Perhaps the biggest change Bridge made in 2018 was to ditch the research book for U.S. House candidates. Standard operating procedure for opposition researchers is to assemble a heavy binder listing almost everything a candidate has ever said on a host of subjects, along with every vote he or she has ever taken and almost every imaginable line of attack a campaign might employ.

“Research is such a factory-oriented mindset,” said Shripal Shah, American Bridge’s vice president. “Everyone comes into it with this mindset where you start with issue A and then issue B and then literally go alphabetical. And then you end up with these books that are superheavy on agriculture. But it doesn’t have the stuff consultants and everybody want you to find.”

Instead, Bridge provided its House team with a list of 70 candidates to focus on and decided to leave book creation to individual campaigns and the Democratic Congressional Campaign Committee. Instead, American Bridge let experienced researchers rely on instinct to find instances of corruption and racism, which they then focused on pitching to local outlets instead of national ones obsessed with Trump.

“In the past, Huffington Post or Politico or CNN or MSNBC were, like, prime time for where we want to land material,” Beychok said. “When something leads the front page of the St. Louis or Philadelphia paper, that’s when it’s really a success.”

Bridge also created its own news site — The American Ledger — to quickly publish some stories on its own, what Beychok said was a necessary counterweight to right-leaning websites.

“The right wing does this a lot better,” he said. “The Daily Caller, Gateway Pundit, The Free Beacon — they’ve caused some problems for Democratic campaigns.”

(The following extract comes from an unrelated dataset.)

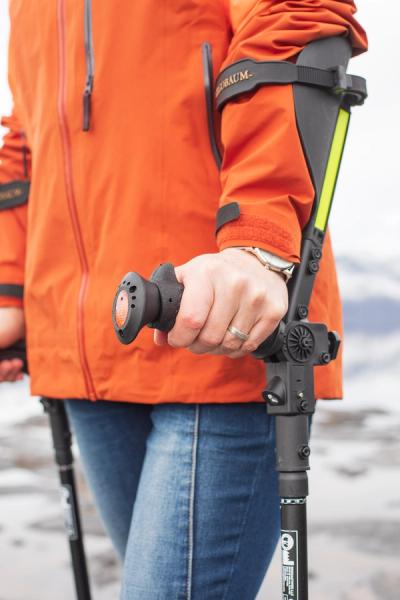 Active ErgoBaum 7G Krykker har ergonomisk grep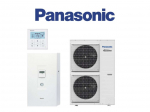 PANASONIC &Scaron;ilumos siurblys oras-vanduo Aquarea T-Cap 9kW split WH-SXC09H3E8 WH-UX09HE8 9kW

Bridge spent the first six months of the cycle focused on researching Trump’s nominees and conflicts of interest with his businesses and on finding ways to highlight the damage of his policies for local outlets. It hopes to resurrect the research as 2020 draws closer. It has already filed more than 225 public records requests focused on Trump and his possible GOP primary opponents. The group plans to have trackers on the ground by Jan. 1 in the three states with governor’s races in 2019 — Kentucky, Louisiana and Mississippi — and in most of the states with potentially competitive 2020 Senate races.

Also, the organization is launching a program focused on Republican state legislators, with the goal of taking down rising GOP stars. Shah argued that Democrats could have politically crippled Florida’s now-Sen. Marco Rubio with stories about corruption while he was in the state legislature.

“If an entity like this existed back then, you could probably have implemented a significant amount of damage, if not permanently taken him out,” Shah said.